Activity: Please return, exactly and only, the lines beginning at the top of the entries below and ending with the line containing "Grey Gradient 4 Drawer Sideboard, Mango Wood"; keep out the pictures.

[Image-caption web data]

------------------------------------

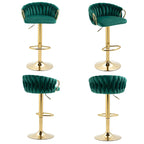 Set of 4 Bar Stool Adjustable Height Swivel Velvet Woven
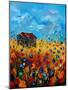 Field Flowers And Old Barn - Poppies-Pol Ledent-Mounted Art Print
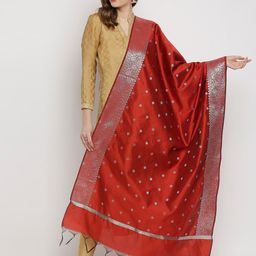Dupatta Bazaar Red & Silver-Toned Ethnic Motifs Woven Design Dupatta-picture-13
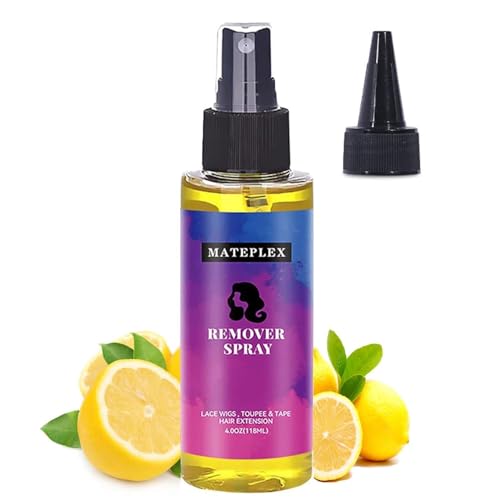 Mateplex Tape in Extension Remover | Melting Spray Wig Fast Acting | Adhesive and Solvent for Hair Replacement No Residue| Removes Hair Glue Wig Tape&Double Sided Extension Tape (Yellow 118ml)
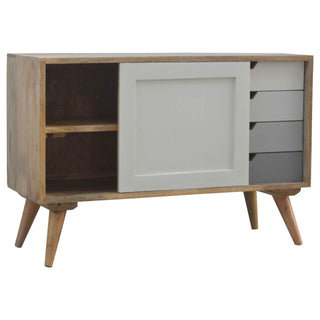 Grey Gradient 4 Drawer Sideboard, Mango Wood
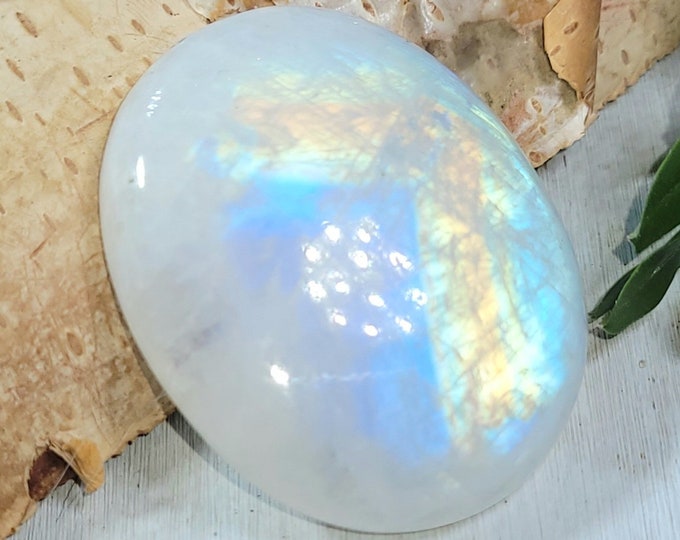 Natural Premium AAA Grade Rainbow Moonstone Oval 85Ct Cabochon Wire Wrapping, Weaving, or Pendant 37mm x 30mm Gift for Her, Collector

------------------------------------

Answer space:
 Set of 4 Bar Stool Adjustable Height Swivel Velvet Woven
 Field Flowers And Old Barn - Poppies-Pol Ledent-Mounted Art Print
Dupatta Bazaar Red & Silver-Toned Ethnic Motifs Woven Design Dupatta-picture-13
 Mateplex Tape in Extension Remover | Melting Spray Wig Fast Acting | Adhesive and Solvent for Hair Replacement No Residue| Removes Hair Glue Wig Tape&Double Sided Extension Tape (Yellow 118ml)
 Grey Gradient 4 Drawer Sideboard, Mango Wood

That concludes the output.